Du point de vue littéraire, ce cinquième soir offre quelques-unes des images les plus marquantes du livre (les pigeons interstellaires, la Voie lactée îles Maldives du ciel…). On peut les rapprocher des métaphores utilisées par d’autres auteurs : par exemple, Voltaire dans Micromégas reprendra l’idée de l’insignifiance de la Terre vue de Sirius et jouera aussi sur l’effet de zoom cosmique, mais de façon plus satirique. Fontenelle, lui, garde toujours un ton émerveillé plutôt que moqueur. La Marquise dans ce chapitre est surtout spectatrice d’un feu d’artifice conceptuel, elle intervient un peu moins que précédemment (hormis pour dire son vertige et plaisanter sur le fait qu’elle est savante à présent). C’est logique : l’infini la dépasse et elle se laisse volontiers guider. Ce qui n’empêche pas leur connivence : on les imagine levant les yeux ensemble vers le ciel et partageant un moment de silence à la fin, mesurant ce qu’ils viennent de concevoir.

L’intérêt du cinquième soir est de voir exposé très clairement le principe de la pluralité des mondes à l’échelle cosmique. C’est presque un exposé de cosmologie : on y parle de galaxies (Voie lactée), d’exoplanètes (même si le mot n’existait pas), de comètes interstellaires. Ils peuvent constater que la plupart de ces intuitions se sont confirmées (chaque étoile a des planètes, la Voie lactée est une galaxie d’étoiles, les comètes sont des petits corps du système solaire et non des signes célestes). Cela donne une dimension pré-scientifique impressionnante à l’œuvre. En même temps, nous pouvons analyser comment Fontenelle rend digeste l’infini : c’est un enjeu toujours actuel en médiation scientifique (comment parler de milliards de galaxies à un public non scientifique ? Fontenelle utilisait des comparaisons concrètes, ce qui est encore utilisé de nos jours). De plus, le passage sur le vertige de la Marquise peut susciter un débat philosophique : est-ce que connaître la place minuscule de l’homme dans l’univers doit effrayer ou au contraire libérer ? On peut comparer ce passage aux Pensées de Pascal (où Pascal parle du « deuxième abîme » de l’immensité naturelle et de l’écrasement de l’homme entre les infiniment grands et petits). Fontenelle prend le contrepied et représente un courant plus confiant du XVIIIe siècle. Cette opposition Pascal/Fontenelle illustre bien le changement de sensibilité du classicisme au pré-Lumières.

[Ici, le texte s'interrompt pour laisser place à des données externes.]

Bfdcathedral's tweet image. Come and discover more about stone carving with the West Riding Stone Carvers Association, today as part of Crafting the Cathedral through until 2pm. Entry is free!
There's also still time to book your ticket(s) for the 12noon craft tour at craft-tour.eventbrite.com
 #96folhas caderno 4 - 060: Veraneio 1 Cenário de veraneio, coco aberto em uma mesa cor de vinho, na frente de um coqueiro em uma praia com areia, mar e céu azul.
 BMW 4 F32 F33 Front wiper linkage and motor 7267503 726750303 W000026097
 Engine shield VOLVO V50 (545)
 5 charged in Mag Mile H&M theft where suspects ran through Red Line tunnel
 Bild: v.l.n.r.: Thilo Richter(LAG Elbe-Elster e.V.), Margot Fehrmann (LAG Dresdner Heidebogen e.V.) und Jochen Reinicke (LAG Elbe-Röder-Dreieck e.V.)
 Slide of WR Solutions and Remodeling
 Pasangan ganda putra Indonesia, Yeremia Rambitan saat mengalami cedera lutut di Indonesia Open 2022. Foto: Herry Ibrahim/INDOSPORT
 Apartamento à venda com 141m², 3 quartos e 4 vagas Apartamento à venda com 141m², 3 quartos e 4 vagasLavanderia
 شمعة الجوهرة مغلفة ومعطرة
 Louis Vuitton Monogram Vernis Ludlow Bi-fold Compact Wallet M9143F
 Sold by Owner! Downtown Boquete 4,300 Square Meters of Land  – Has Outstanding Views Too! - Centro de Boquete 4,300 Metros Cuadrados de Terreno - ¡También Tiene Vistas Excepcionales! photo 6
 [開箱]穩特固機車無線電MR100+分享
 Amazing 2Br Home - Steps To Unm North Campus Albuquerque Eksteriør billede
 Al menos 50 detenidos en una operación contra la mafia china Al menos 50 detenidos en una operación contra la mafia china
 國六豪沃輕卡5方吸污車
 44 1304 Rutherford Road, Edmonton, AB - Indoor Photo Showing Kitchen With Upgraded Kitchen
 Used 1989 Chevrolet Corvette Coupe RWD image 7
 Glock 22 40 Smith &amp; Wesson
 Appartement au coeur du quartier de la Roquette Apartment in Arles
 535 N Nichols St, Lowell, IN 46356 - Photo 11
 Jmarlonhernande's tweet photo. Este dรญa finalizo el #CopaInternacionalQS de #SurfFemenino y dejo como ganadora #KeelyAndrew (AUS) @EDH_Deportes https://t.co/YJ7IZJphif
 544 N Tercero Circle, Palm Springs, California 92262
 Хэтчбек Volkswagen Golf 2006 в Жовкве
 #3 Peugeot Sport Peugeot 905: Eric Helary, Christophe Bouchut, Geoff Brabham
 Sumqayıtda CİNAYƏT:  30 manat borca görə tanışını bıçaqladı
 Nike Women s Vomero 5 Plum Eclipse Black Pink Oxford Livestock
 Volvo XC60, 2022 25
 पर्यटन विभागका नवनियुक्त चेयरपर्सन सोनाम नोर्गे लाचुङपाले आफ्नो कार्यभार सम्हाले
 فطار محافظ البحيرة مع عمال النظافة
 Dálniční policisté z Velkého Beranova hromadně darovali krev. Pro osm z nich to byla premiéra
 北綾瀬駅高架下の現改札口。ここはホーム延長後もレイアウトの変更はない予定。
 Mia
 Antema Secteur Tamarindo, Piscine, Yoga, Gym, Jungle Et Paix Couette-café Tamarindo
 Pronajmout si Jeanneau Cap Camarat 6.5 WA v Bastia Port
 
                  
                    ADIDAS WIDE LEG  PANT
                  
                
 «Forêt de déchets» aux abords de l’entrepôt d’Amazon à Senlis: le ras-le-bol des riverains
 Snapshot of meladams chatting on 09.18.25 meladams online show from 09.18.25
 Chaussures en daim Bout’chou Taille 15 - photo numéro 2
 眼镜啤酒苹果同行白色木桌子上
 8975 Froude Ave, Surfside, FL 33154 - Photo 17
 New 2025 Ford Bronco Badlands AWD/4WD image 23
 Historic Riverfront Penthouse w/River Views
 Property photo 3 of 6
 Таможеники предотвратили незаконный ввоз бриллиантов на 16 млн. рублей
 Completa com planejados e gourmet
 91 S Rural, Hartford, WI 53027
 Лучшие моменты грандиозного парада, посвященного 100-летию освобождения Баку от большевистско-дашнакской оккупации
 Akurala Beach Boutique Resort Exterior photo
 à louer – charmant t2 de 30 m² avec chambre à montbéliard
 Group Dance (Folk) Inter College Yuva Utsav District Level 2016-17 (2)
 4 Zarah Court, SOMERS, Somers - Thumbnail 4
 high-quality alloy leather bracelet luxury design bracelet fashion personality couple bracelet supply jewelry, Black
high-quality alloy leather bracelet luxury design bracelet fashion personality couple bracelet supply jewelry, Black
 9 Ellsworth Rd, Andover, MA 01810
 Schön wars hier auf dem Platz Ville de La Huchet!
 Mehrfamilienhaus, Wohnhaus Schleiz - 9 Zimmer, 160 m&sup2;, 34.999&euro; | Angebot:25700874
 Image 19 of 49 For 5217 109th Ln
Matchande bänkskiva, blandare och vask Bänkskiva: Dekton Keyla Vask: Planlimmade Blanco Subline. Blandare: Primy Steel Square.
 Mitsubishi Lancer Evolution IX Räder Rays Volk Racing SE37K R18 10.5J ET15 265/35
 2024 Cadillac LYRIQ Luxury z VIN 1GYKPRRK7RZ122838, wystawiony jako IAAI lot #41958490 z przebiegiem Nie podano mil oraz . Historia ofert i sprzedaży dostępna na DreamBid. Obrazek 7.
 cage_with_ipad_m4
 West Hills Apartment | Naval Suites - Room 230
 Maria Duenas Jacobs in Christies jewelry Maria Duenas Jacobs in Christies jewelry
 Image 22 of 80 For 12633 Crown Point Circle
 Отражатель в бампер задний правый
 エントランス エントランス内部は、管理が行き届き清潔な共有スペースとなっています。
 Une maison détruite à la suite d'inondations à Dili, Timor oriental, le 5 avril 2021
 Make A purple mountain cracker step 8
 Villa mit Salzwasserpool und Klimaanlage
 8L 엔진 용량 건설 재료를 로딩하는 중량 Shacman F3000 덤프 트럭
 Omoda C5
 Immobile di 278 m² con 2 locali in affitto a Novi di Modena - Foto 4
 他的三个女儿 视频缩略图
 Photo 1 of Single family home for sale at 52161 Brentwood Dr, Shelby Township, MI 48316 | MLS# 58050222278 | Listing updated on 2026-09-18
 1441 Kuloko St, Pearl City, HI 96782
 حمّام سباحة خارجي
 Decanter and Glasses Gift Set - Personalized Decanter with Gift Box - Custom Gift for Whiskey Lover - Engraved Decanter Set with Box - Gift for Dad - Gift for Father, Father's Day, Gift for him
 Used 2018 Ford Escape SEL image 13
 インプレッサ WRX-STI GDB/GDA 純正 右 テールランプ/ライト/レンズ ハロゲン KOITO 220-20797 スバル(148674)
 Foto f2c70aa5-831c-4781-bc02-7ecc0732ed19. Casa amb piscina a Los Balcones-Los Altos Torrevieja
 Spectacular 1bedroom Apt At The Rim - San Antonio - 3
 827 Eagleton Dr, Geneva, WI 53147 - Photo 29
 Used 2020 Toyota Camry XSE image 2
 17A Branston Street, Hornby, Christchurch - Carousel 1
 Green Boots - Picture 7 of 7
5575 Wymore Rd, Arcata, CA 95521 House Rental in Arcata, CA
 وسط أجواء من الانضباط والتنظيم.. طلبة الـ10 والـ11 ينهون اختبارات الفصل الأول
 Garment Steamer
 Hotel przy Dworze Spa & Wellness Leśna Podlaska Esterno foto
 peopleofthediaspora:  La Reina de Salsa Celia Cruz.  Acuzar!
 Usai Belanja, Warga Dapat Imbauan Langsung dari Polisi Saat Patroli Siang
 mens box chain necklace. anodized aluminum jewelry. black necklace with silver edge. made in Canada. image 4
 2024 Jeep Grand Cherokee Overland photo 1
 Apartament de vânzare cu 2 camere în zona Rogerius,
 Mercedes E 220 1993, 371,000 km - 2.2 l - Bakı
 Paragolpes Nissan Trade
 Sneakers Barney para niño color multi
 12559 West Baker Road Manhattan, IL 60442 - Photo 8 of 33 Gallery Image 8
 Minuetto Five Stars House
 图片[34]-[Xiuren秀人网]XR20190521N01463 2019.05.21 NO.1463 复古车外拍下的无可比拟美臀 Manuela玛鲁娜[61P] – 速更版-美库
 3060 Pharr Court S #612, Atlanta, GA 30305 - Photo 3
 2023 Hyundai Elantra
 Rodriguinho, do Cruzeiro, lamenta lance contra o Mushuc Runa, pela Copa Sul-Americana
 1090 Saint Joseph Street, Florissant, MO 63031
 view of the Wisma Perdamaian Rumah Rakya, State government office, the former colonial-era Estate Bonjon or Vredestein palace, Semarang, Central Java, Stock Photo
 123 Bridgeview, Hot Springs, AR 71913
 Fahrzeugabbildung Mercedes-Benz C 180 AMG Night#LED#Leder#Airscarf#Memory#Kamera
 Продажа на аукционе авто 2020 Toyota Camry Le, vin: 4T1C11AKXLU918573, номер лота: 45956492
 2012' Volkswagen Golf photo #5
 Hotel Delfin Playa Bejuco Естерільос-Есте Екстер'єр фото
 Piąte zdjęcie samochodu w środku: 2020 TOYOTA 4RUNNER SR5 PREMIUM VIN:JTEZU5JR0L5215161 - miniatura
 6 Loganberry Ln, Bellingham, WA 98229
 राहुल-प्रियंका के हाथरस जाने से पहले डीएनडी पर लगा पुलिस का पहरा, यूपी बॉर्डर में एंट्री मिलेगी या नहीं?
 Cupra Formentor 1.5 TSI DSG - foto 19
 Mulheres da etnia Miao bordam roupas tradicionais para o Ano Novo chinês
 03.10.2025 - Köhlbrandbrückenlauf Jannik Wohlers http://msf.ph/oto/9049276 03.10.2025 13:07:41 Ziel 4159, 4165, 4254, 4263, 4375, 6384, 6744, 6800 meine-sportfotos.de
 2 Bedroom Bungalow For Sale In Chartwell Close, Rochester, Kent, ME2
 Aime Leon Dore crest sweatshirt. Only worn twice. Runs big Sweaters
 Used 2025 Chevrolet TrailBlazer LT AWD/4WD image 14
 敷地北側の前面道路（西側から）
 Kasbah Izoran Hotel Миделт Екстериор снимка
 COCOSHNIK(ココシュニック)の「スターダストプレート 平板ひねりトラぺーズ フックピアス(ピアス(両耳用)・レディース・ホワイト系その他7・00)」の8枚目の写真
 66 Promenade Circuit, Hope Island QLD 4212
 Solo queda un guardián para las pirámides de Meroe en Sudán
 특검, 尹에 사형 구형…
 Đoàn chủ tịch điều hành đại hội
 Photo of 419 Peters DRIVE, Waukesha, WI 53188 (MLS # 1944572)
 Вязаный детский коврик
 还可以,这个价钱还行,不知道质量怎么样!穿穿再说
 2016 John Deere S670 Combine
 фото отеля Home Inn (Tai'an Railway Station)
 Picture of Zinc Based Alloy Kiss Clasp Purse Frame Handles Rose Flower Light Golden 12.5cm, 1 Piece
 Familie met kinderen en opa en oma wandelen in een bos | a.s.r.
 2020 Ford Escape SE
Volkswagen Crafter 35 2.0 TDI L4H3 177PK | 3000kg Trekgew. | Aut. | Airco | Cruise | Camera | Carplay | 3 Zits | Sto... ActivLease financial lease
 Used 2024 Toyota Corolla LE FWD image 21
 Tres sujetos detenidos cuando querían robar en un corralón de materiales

En somme, le cinquième soir est l’apothéose de la “philosophie naturelle” de Fontenelle : le monde n’est pas centré sur nous, il est pluriel et infiniment varié, mais l’homme peut en avoir conscience et goûter cette connaissance. C’est une célébration de la raison humaine capable de concevoir l’infini, et une célébration de la nature, généreuse en mondes et en curiosités. Fontenelle a atteint là son objectif de faire rêver son lecteur tout en l’instruisant : la Marquise a maintenant la tête pleine d’étoiles au double sens du terme, son imagination et sa raison ont été comblées.